» **WORK TO COMPLETE**:
Print verbatim the lines from the beginning of the entries through the line containing "We found rotten", both ends included. Pictures should be left out.

Content starts

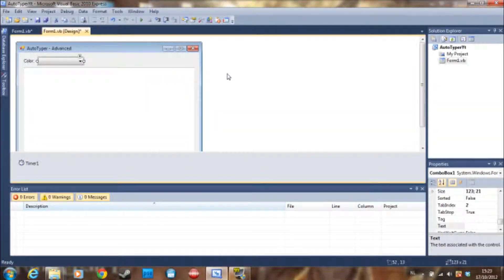Hello guys, it's Doom Breaker here with a Visual Basic tutorial. This is going to be part 1 of the Advanced Autotyper. What the Autotyper is going to be able to do is pick a color and an animation for RuneScape. You can make this for your own game or for whatever you want, but I'm going to show how to do it for RuneScape.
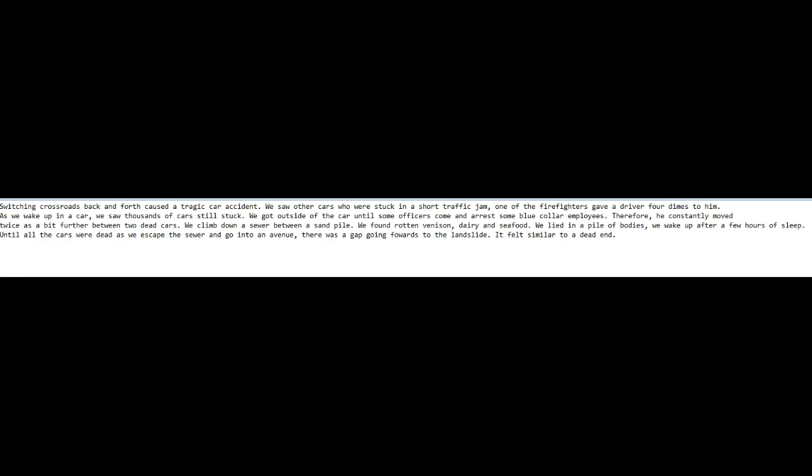We found rotten venison, dairy, and seafood. We flied in a pile of bodies until we wake up after a few hours of sleep until all the cars were dead.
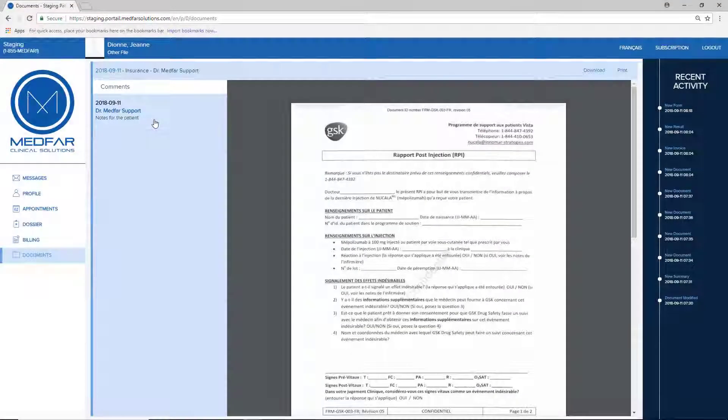When clicking on a document, it will open with the accompanying notes appearing in the left margin. As soon as a document is opened, the portal icon in the patient file will switch from orange to green.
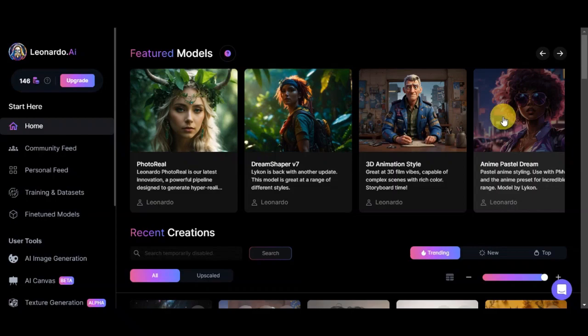Now let's learn how to create your own coloring book on Leonardo AI. We'll guide you through the process of creating your very own coloring book, and it's a fantastic way to express your creativity and share your art with others.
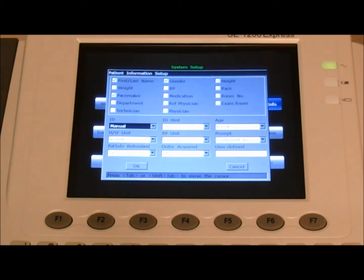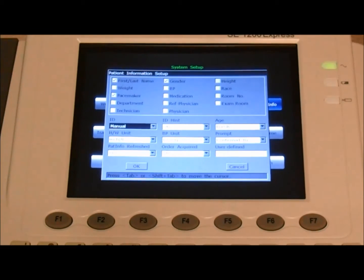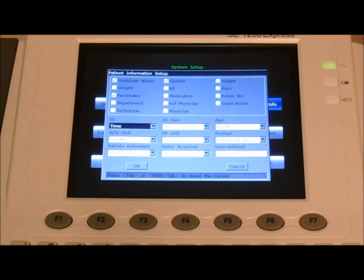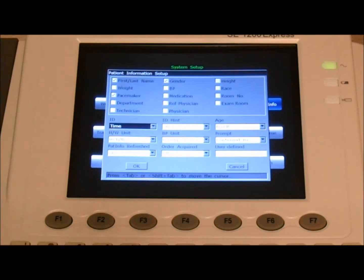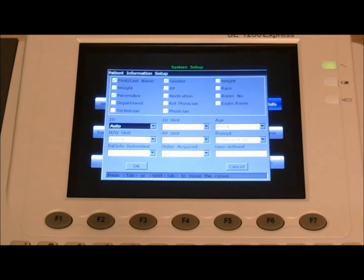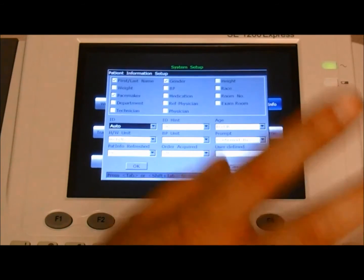Manual, where the operator needs to manually enter the ID for every patient. And time, where the ID is generated automatically according to the time and date. So right now, we'll set it to auto.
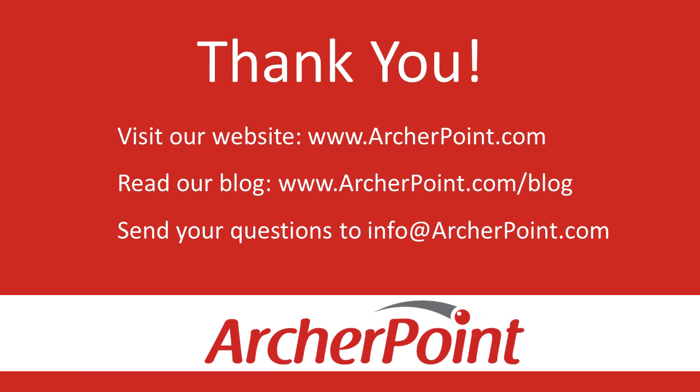All right, that concludes our lesson on creating budgets in the Vision. Thanks for joining the coffee break. Thanks for watching this Archer Point video. If you found it helpful, make sure to check out our website and blog at www.archerpoint.com. Additionally, if you have any questions regarding our products, services, or information in this video, feel free to email us at info@archerpoint.com. Thanks.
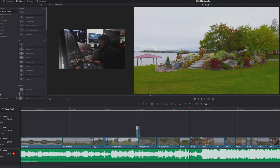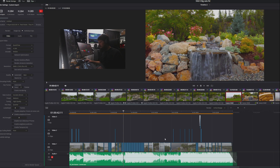My final step in fixing it — I don't know what occurred to me — but I changed it from automatic keyframes to every one frame. And that fixed it.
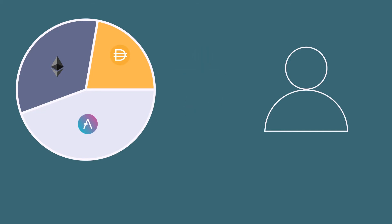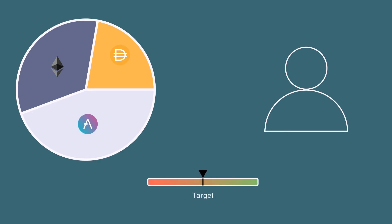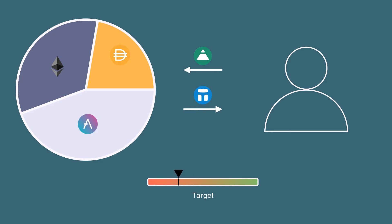Tribe is FAE's governance token. V2 aligns the interests of tribe holders with PCV appreciation. When FAE's collateralization ratio is over the target, the protocol buys back tribe by minting FAE. In contrast, when the collateral ratio is under the target, the protocol mints tribe to buy back FAE as a backstop for liquidity.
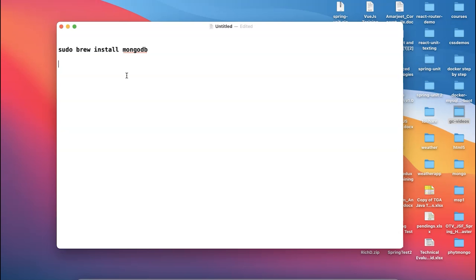After downloading, you have to create a db directory. This is where the mongo files or the mongo data files will actually stay. You can create this directory in the default location by running this called mkdir space hyphen p and say slash data slash db.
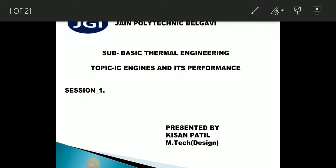Hello everyone, welcome back to another video on basic thermal engineering. Today we are going to start the new chapter that is IC engine and its performance. In IC engine there are two parts: first part is IC engine and next part is its performance. In the first part we are going to study the different types, classification, terminologies, and working of IC engines. In the next part we will deal with performance parameters like indicated power, brake power, thermal efficiency, etc.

Content ends

» **OUTPUT OF THE EXERCISE**:
Hello guys, it's Doom Breaker here with a Visual Basic tutorial. This is going to be part 1 of the Advanced Autotyper. What the Autotyper is going to be able to do is pick a color and an animation for RuneScape. You can make this for your own game or for whatever you want, but I'm going to show how to do it for RuneScape.
We found rotten venison, dairy, and seafood. We flied in a pile of bodies until we wake up after a few hours of sleep until all the cars were dead.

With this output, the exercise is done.